… are now coming out. Westpac looks to be the first off the block, so I will go through their report first – comparing them to their prior results.

When they are out, the ANZ’s should appear here, the NAB ones may appear here (but I cannot be sure they will be explicitly linked as the NAB do not appear to be particularly clear about where they will go) and the CBA’s here, although, like the NAB, they do not appear to be completely sure about the location yet.

On to WBC, then. First thing to note, and a good one at that, is that they seem to be erring a little more on the side of putting more qualitative information out than in their previous, rather terse, report – not, mind you, that this is a model for open disclosure. The second thing to note is that the numbers are directly comparable, as the St. George prudential numbers (except for the capital ratios) are not actually in here. Presumably this is because the St. George Pillar III report will be issued seperately.

One other point to note is that I have taken the opportunity to correct a couple of small inconsistencies in my previous treatments out of the updated spreadsheet. The “Small Business” category is now consistently treated in the way the banks treat them – as retail loans, so they are now in the “Other Retail” category.

Last thing to note, before getting onto the numbers, is that Westpac seem to be doing well in their program to get more “Advanced” approvals for their book. The amount covered under their Standardised (with the exception of Specialised Lending, with they cannot until APRA allows it for all banks) is down from $10.4Bn to $6.6Bn. As they have not broken this out amongst the categories I cannot see where the improvements are, but this is good nonetheless. My guess is that this is in the “Other Retail” category, perhaps with the personal lending business now in the Advanced category, but this is just a guess.

The Numbers

The numbers are quite interesting. WBC has greatly reduced lending to governments, with more than half of that portfolio gone. This seems to be as a result of a massive sell-off of government bonds, as the major part of the drop has been in the “Market-related” section of the portfolio. My guess is that this is profit-taking in a reducing interest rate environment – but I cannot be sure as the results announcement makes no mention of it.

On the other hand, lending to other banks is massively up, with a halving of the holdings of other bank’s bands being overwhelmed by an increase in normal inter-bank lending from $2.9bn to $43.8bn. As the regulatory capital impact is minimal, this must have (nearly all) been lent to others of the Big 4. I await their reports to check on this. If theirs look similar then we may have a big money-go-round happening.

With the exception of residential lending (up 9% in a quarter), the rest of the business seems to be in gentle decline, with securitisation and credit cards (QRR) slightly down and other lending only slightly up.

Passt Due and Impaired

As has already been heavily trailed, the past due and impaired numbers are up and, in the case of corporate lending, heavily up. Many of the problem loans do not even seem to have gone overdue before being counted as “Impaired” as last the disclosures’ “Corporate” 90 dpd number was only $157m and the impaired number this time has gone up by nearly $700m – and some of the $513m reported last time should have been written off by now.
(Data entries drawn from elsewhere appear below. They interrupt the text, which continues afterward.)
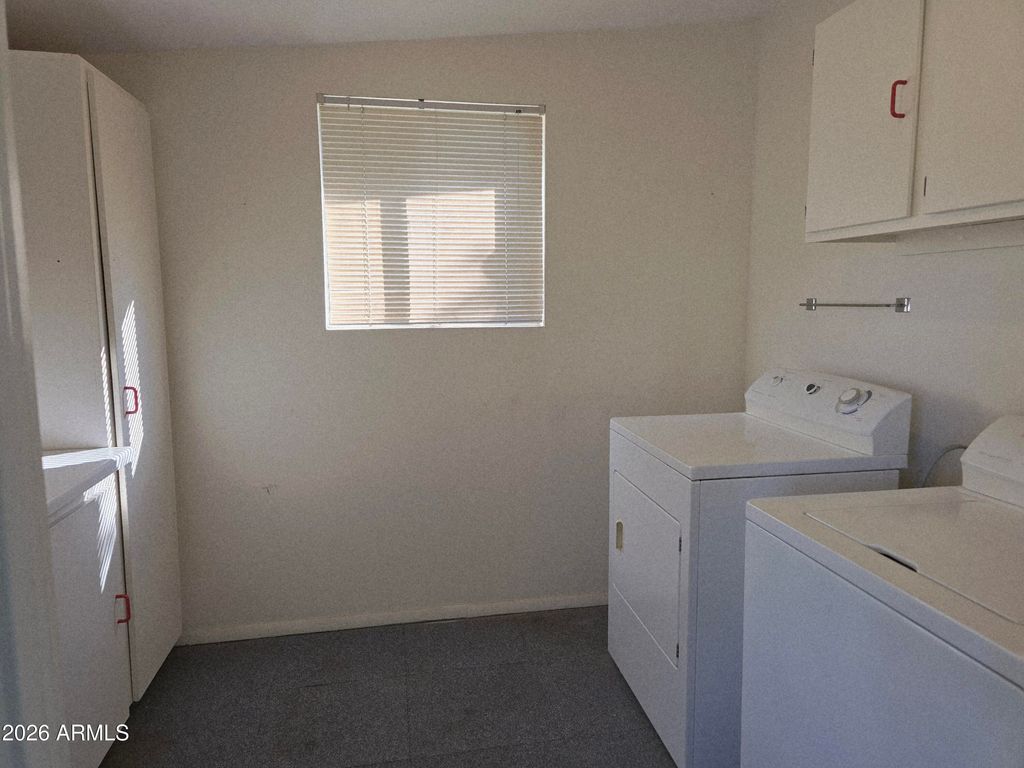 Image 7 of property listing at 10856 W ABBOTT Avenue, Sun City, AZ 85351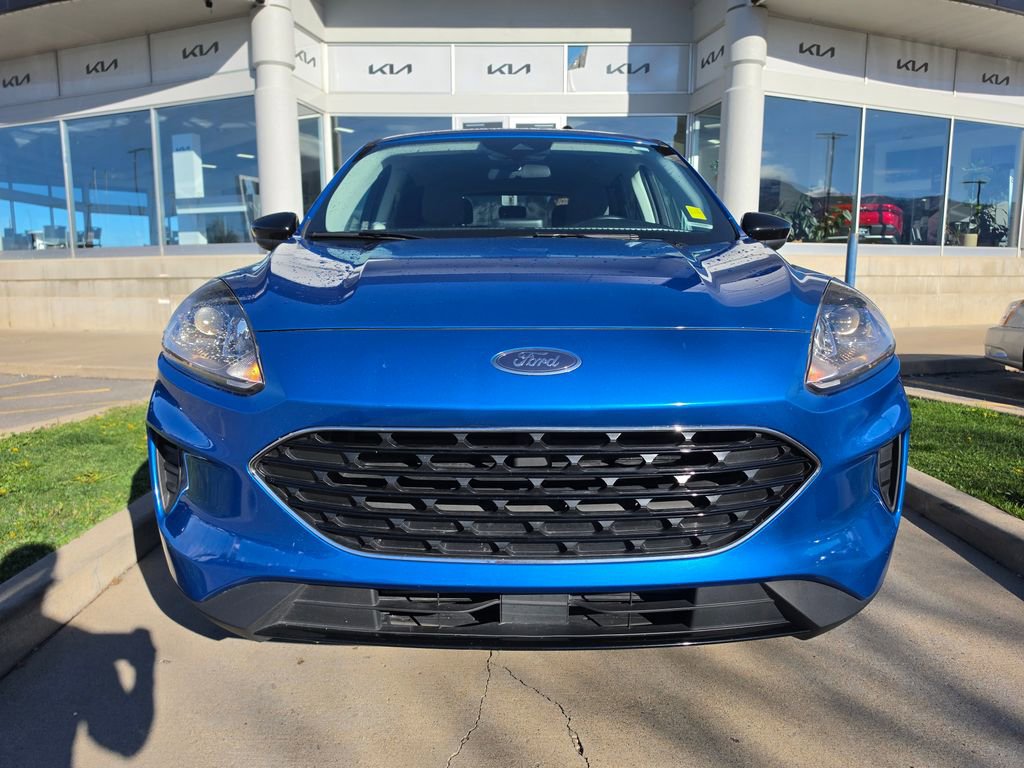 Used 2021 Ford Escape SE w/ SE Sport Appearance Package image 2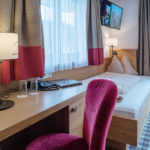 Zimmer mit Ausblick ins Tal - Hotel Berghof Söll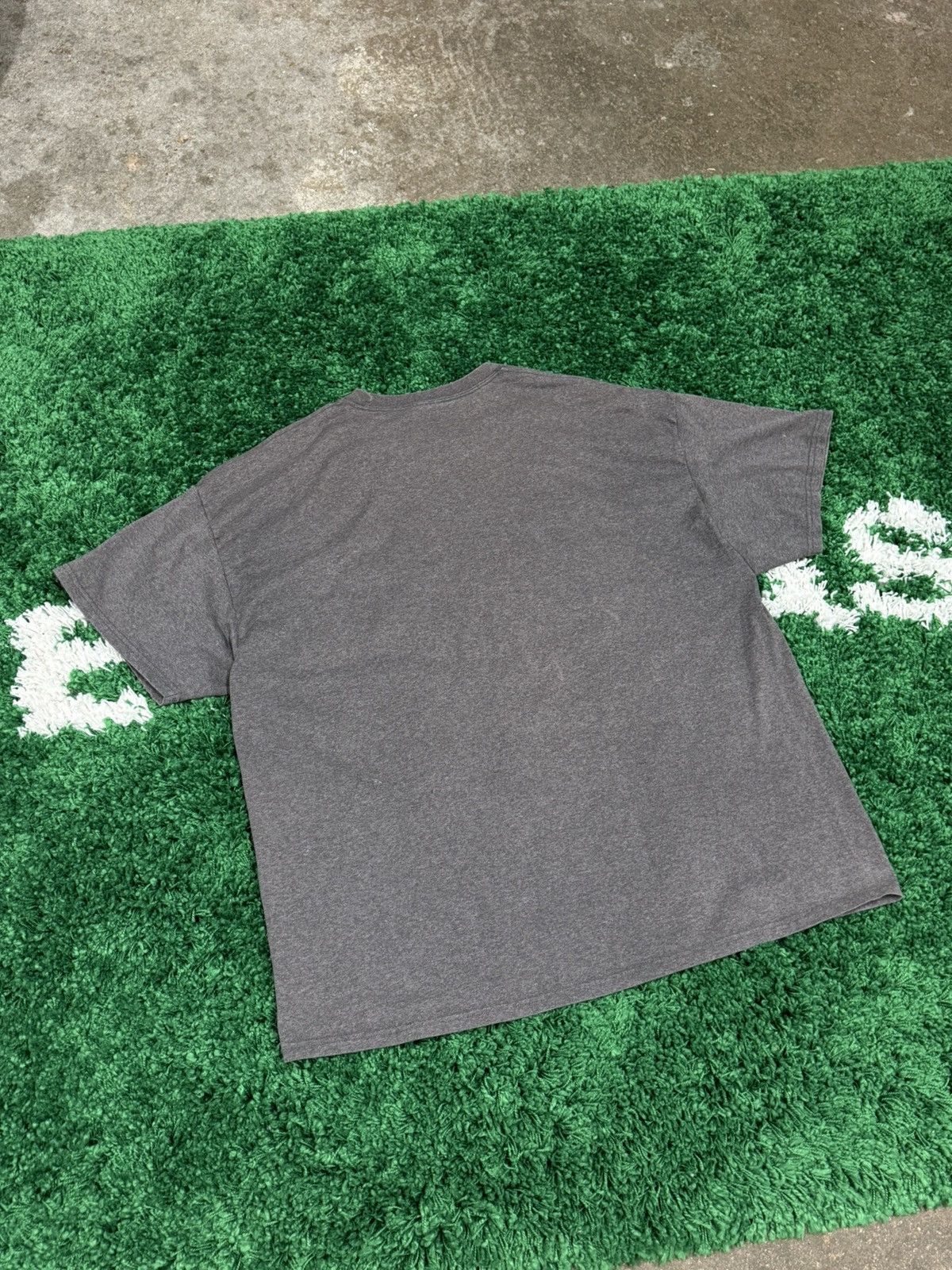 Vintage Vintage Hanes Pocket Tee Shirt Grey Tee 2XL XXL Size US XXL / EU 58 / 5 - 4 Thumbnail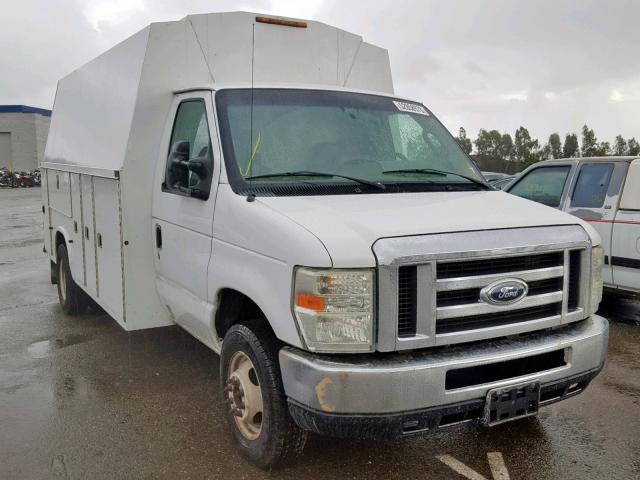 1FDXE45S08DB38249 - 2008 FORD E450 S/DUT WHITE photo 1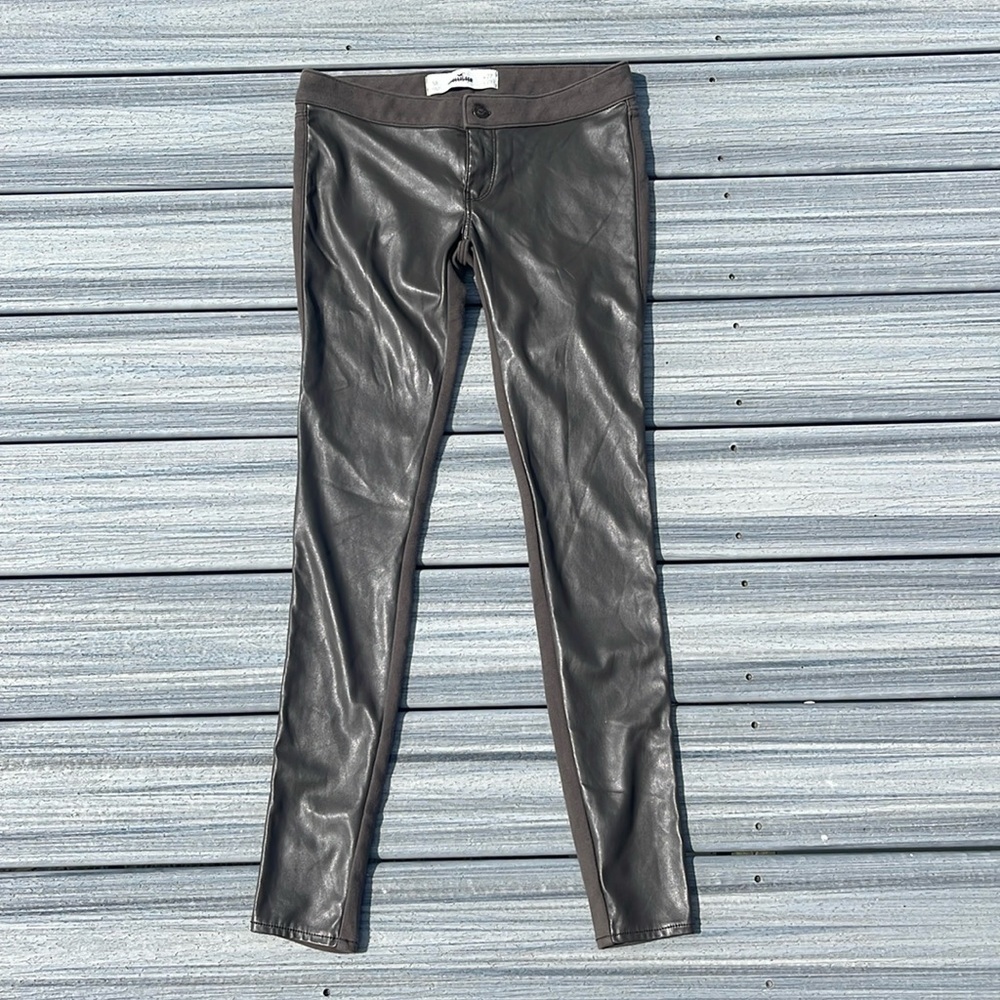 Hollister - moss green/gray faux leather &  poly knit leggings - size 5R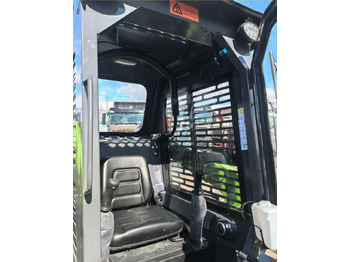 Новый Мини-погрузчик с бортовым поворотом Мини-погрузчик XFANG X850, 2025: фото 5 Новый Мини-погрузчик с бортовым поворотом Мини-погрузчик XFANG X850, 2025: фото 5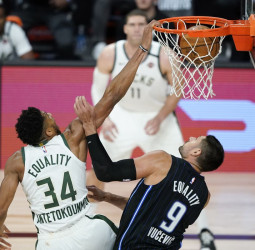 Los Bucks sacan adelante el partido con sufrimiento (121-106) [3-1]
The rest of the movements are what could be expected at this point in the cycle, with the “Residential Mortgage” impaired number implying that something around 700 residential mortgages are likely to cause the bank some losses. In this market that is a good result and reflects the strength of the normal lending policies.

Capital

Overall, the capital numbers are largely unchanged, but there has been a significant shift to Tier One from Tier Two. Like the losses, this has been well trailed in the announcements and really needs no further comment.

I await the announcements from the other banks.

[UPDATE]

I received an email on this one – I missed one thing and need to correct another. The Sovereign and Bank numbers changes are explained on page 4 of the release – they have changed their EAD calculation methodology for these and it resulted in the numbers changing. As they note in the release, though, this has little impact on the actual capital numbers as neither of them receive much capital weight.

The correction is to my calculation of the Standardised portfolio. Previously, following a methodology for calculation where I have worked in the past, the “Other Assets” were thrown into the Standardised bucket. I will pull them out and do those seperately from now on.

I will incorporate this change into my analysis of future numbers from all the Banks.